While Harvey was a historic storm, it was but one of several severe weather events affecting urban areas with increasing frequency around the world. (At the same time Houston was flooding, so was Mumbai. And, even as Houston begins its recovery, the powerful Hurricane Irma threatens the U.S. mainland and the Caribbean.) Although each event exposes vulnerabilities resulting from how we’ve built in the past, each event also yields lessons about how to build for the future, to make our cities more resilient and ultimately more competitive. These are lessons that, if learned, can help transform the long rebuilding process from one focused not just on building back, but also on moving forward:

  • There are no more “storms of the century.” Harvey produced unprecedented amounts of rainfall that would have inundated any city, no matter how well prepared. It was designated as a once-in-several-centuries event. But while chances of another storm on the scale of Harvey are remote, frequent crippling storms are not. What used to be considered a storm of the century can be expected to occur somewhere around the globe at least every few years—that is the reality of climate change.
  • Planning for resilience makes good business sense. Urban planning, design, and development must take into account that a severe weather event will occur sooner rather than later. However, resilience is not just about preparedness for major events. Resilient investments in infrastructure and resilient approaches to land use can 1) help cities protect residents more efficiently and cost effectively, and 2) foster business continuity and long-term investment and economic development opportunities. Planning for resilience makes investments in people, assets, and the value created in cities more secure.
  • The least vulnerable places should be positioned as the most attractive for development and investment. More and more cities are focusing on guiding investment and development to locations that are by nature and circumstance less vulnerable. They are accomplishing this with carrots such as supportive zoning policies or financial incentives, or through strategic deployment of city facilities. The point is to encourage a higher density of people, activities, and businesses in areas that have the infrastructure to thrive in changing conditions. ULI is helping move the needle in this regard: our resilience-focused Advisory Services work, including panels in Norfolk, Virginia; Lafayette, Louisiana; and Miami, aims to help cities identify and leverage their land use–related assets and move toward more resilient urban growth patterns over the long term.
  • Private sector input is vital as cities plan for resilience. To achieve on-the-ground results and a long-term transformation of the built environment, the private sector needs to be involved in land use decision-making to ensure that local policies are effective and benefit the entire community. Much of ULI’s work, particularly through our district council and national council networks, has sought to incorporate the private sector perspective in planning and building for resilience. And, through our new partnership with the Rockefeller Foundation’s 100 Resilient Cities program, more members will be assisting cities in becoming more resilient.

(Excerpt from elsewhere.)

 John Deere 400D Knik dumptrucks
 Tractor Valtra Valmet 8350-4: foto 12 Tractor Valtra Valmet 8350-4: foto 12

In September, attendees at ULI’s Housing Opportunity conference in New Orleans will be touring several mixed-income, mixed-use developments in Tremé, Gentilly, and mid-city neighborhoods that have been built in the post-Katrina years. What they will see are examples of building for resilience not just from an environmental standpoint, but in terms of improved livability, social equity, and economic vitality. Few could have envisioned these vibrant places in August 2005, when much of New Orleans looked like Houston in August 2017. Yet, they are built and they are thriving—places that demonstrate the value of reimagining and building for the future, rather than simply re-creating the past. This type of future-focused development is a trend that will make cities stronger and better able to withstand not just natural disasters, but other types of disruptors, too.

ULI has long promoted development practices that save energy, land, and other natural resources—practices that promote resilient communities. Our work in this area is supported by our Center for Sustainability and Economic Performance, with programs focused on improving building performance, energy conservation, urban resilience, and healthy communities. Each of these programs is helping ULI members lead the future of resilient development—and resilient development is the future of urban development. Cities as different from each other as Duluth, Minnesota, and Manila, Philippines, are moving ahead in this regard, as are the 40,000-plus ULI members who are leading by example with development that serves as a solution, rather than an obstacle, to improving urban resilience.

The reality of climate change and its impacts are forces that will—sooner rather than later—result in the institutionalization of resilience as a 21st-century development practice. This could be considered as the one silver lining to Harvey as well as future crises. We live in an urbanized world. Development is inevitable, but bad development is not. We are strengthening our communities through what we build, how we build, and where we build.